Con frecuencia recuerdo el día en que pelearon Carpentier y Dempsey por el título mundial de todos los pesos y el interés que manifestó Macedonio, cuya antipatía por todo lo que fuera francés habíamos advertido ya en otras ocasiones. Cuando intentamos ponderar a Carpentier, nos dijo: “A la primera trompada de Dempsey, ya estará el francesito en el ring-side, pidiendo que le devuelvan la plata porque la función resultó muy corta”. Nunca supe por qué le interesaba el box. Yo no siento ningún entusiasmo por él. Reconozco que, desde luego, es más atractivo que un match de fútbol. Al menos en el box hay dos hombres que se enfrentan. Pero un conjunto de muchachos entreteniéndose en patear una pelota es algo que siempre me pareció bastante estúpido.
Tampoco he olvidado que, en cierta ocasión, Macedonio me dijo que el amor filial y el amor paternal eran equivocaciones, porque es imposible la relación íntima entre personas de edades tan distintas. No sé por qué habló de esa manera, puesto que quienes nos reuníamos con él en la tertulia de La Perla éramos mucho menores y sin embargo en nuestra relación no había sobresaltos.
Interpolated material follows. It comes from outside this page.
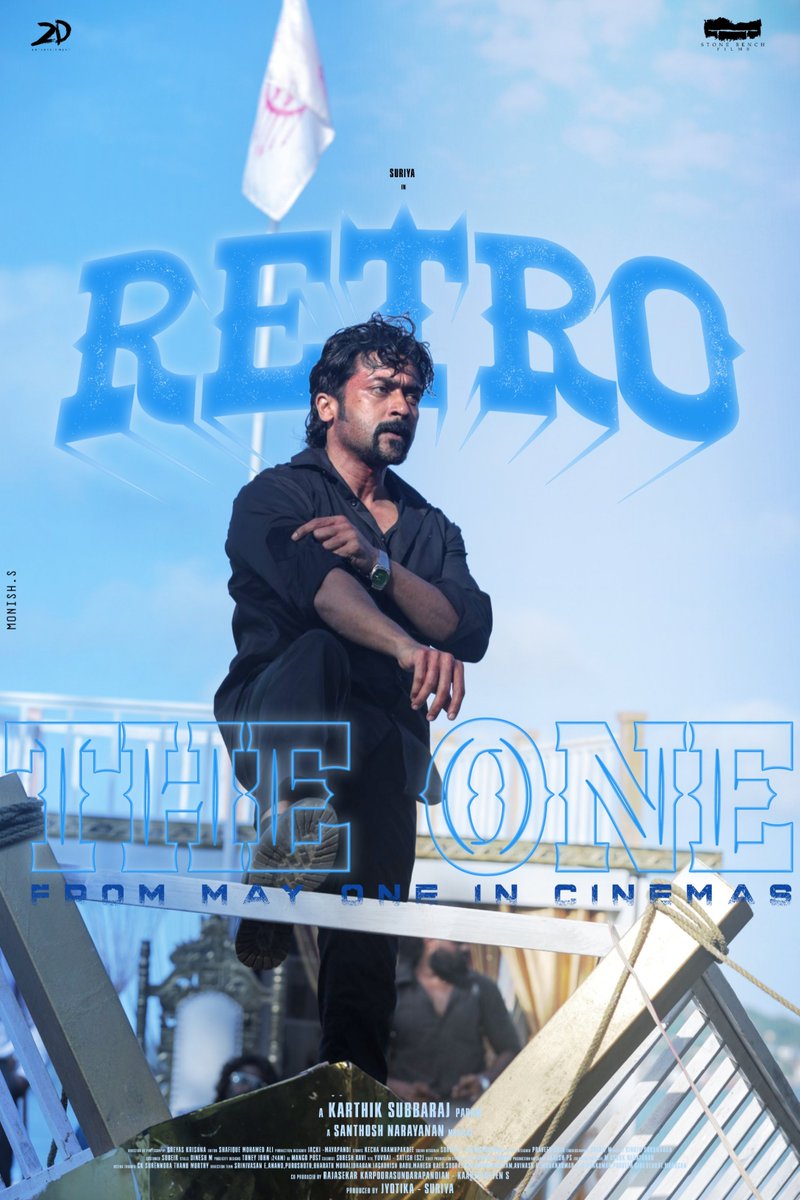MonishRaghava10's tweet photo. #Retro Poster Design!! Hope everyone like it ❤
@2D_ENTPVTLTD @Suriya_offl @karthiksubbaraj @Music_Santhosh @SakthiFilmFctry @Nishanth_Offcl @_hari_nithish_ @Janus__Editz @_DhanuMax @SuriyaFansClub @Trendz_Suriya @asfk_offl @BAF_Offl @AnbaanaFandom
#TheOneFromMayOne 🔥🔥🔥💥💥 https://t.co/465G4jsPhw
Pienso que debió aguardar la muerte con curiosidad e impaciencia. Puesto que creía en la inmortalidad del alma, morir era para Macedonio un hecho fortuito, tal vez secundario, y nunca se explicó por qué la gente concedía tanta importancia a la muerte física. Vivió sin distraerse de las circunstancias que habitualmente distraen a los hombres y hasta es posible que, aun en vida, conociera alguna de las muchas formas que tiene la eternidad.